Background. The presence of urinary excretion products of human chorionic gonadotropin (hCG) has been proposed as a tumor marker. To ascertain the clinical value in gynecologic cancers, the authors studied 612 nonpregnant women.
Methods. Three different assays in four clinical groups were compared: no disease, benign disease, malignant disease, and complete remission of previously treated malignant disease. The assays were for the urinary β‐core, “total” β‐hCG, and free α‐subunit.

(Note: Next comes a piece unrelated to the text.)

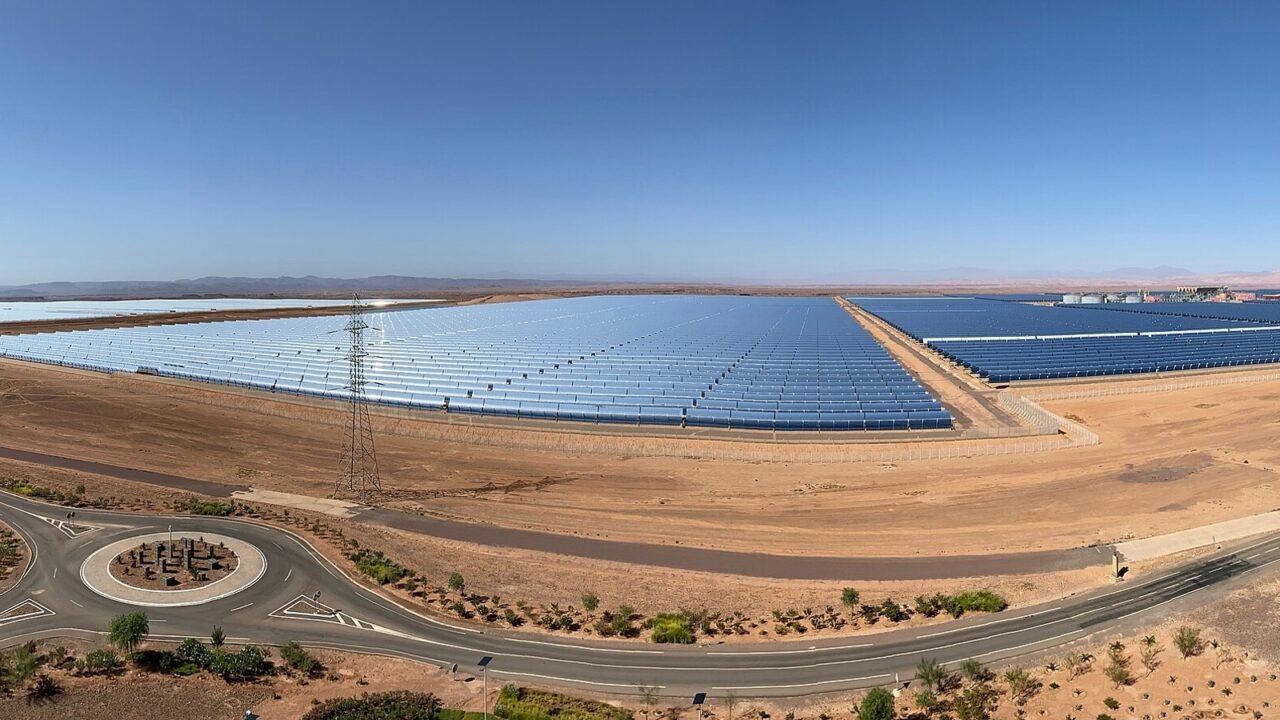 Parabolrinnen-Spiegelfelder des Solarkraftwerks Noor bei Ouarzazate in der Wüste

Results. Measurement of the α‐subunit was of no obvious clinical value. In some patients with benign disease, hCG metabolites were elevated. In the 141 patients with active gynecologic malignancy the sensitivity of the total β‐hCG assay was 47% and that of the β‐core assay was 36%. The specificities were 80.3% and 90.4%, respectively. Advanced cancers generally had higher levels of total β‐hCG and β‐core. Squamous cell and poorly differentiated cervical tumors had higher levels of total β‐hCG than did adenocarcinomas and well‐differentiated cervical tumors. Invasive, serous, endometrioid, and germ cell ovarian tumors had higher total β‐hCG, β‐core, and α‐subunit levels than did borderline, mucinous, and clear cell ovarian tumors. Six of 16 patients with disease in complete remission had elevated levels.
Conclusion. The excretion of hCG and its metabolic fragments is a common event in gynecologic cancer, but sensitivity and specificity are low, and there is little consistent relationship between tumor stage and histologic type.